The workplace has long been just somewhere to house your people, processes and systems to get the task done. However, as technology changes the way we live, it is also changing how we work, and has driven a perceptible shift in our expectations for what the workplace is, and what it represents to different groups of people.
With today’s competitive landscape as much about attracting talent as it is about growing market share, it’s increasingly important to consider how the workplace can best serve the skilled people who deliver the goods. Accelerating technological advancements are bringing new roles and requirements across industries. Businesses of all shapes and sizes are looking over their shoulders at other industries, to see what can be learned from different sectors. In this changing world, the workplace has never had such a key role to play.
“Positioning a workspace to lure in new talent should be as much a priority for business leaders as lease terms and running costs.”
Lee Phillips, Managing Director, UK Fit Out
Different generations and specialisms look for and respond differently to what the workplace has to offer. However, what is becoming a consistent thread – and is increasingly important for the younger generations – is the need for organisations to create a sense of belonging, by communicating their brand and purpose through their spaces.
Given that two of the greatest challenges facing businesses today are skills shortages and operational inefficiencies, positioning a workspace to lure in new talent and making existing employees as productive as possible, should be as much a priority for business leaders as lease terms and running costs. For far too long, the role that the physical environment can play in this conundrum has been underestimated. Whereas it used to be the CFO who ultimately signed off on all property decisions, nowadays the voice of the HRD can carry almost equal weight.

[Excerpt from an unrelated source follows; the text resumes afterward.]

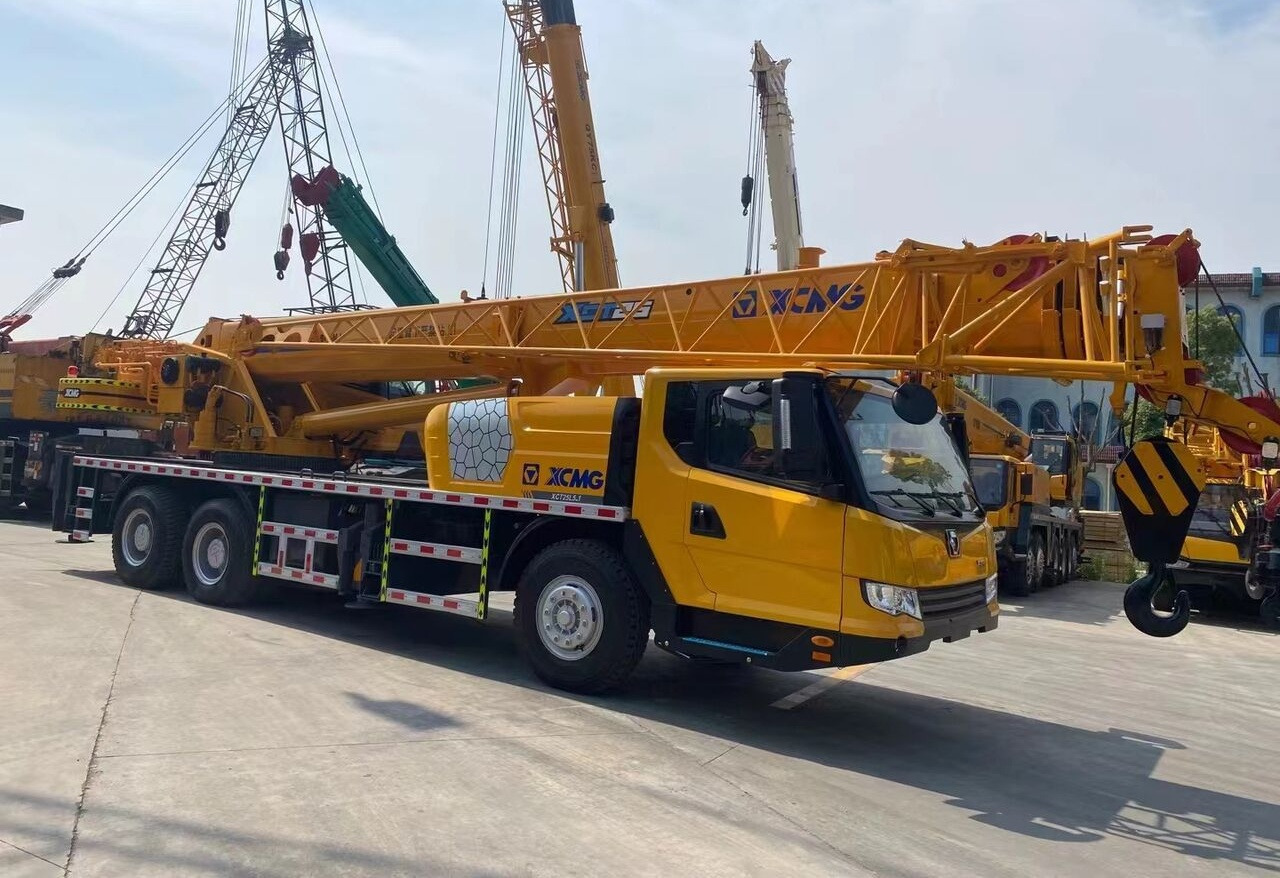 XCMG XCT25 QY25K5D 25ton 50ton 70ton 100ton 130 ton - Мобильный кран: фото 1 XCMG XCT25 QY25K5D 25ton 50ton 70ton 100ton 130 ton - Мобильный кран: фото 1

Placemaking and location are also an essential consideration for developers that want to ensure their assets meet current requirements, while being resilient to the changing demands of the future workforce. After all, who knows where we will be in another 10 years? The assets we are producing today not only have to appeal to our changing lifestyles and current aspirations, but also be flexible enough to be adaptable to those further down the line. Not an easy thing to achieve.
“A main contractor should have the ability not just to build a new office, but to create a place that’s capable of attracting the world’s best workers to new cities.”
Kevin McElroy, Project Director, UK Construction
A main contractor should have the ability not just to build a new office, but to create a place that incorporates local culture, entertainment, retail and community – wherever it happens to be. It is this approach that can prove crucial in attracting the world’s best workers to new cities.
Only once we truly understand the power of place in addressing business challenges, will those that design, build and fit out the highest-quality workspaces find that it becomes a genuine lever of competitive advantage.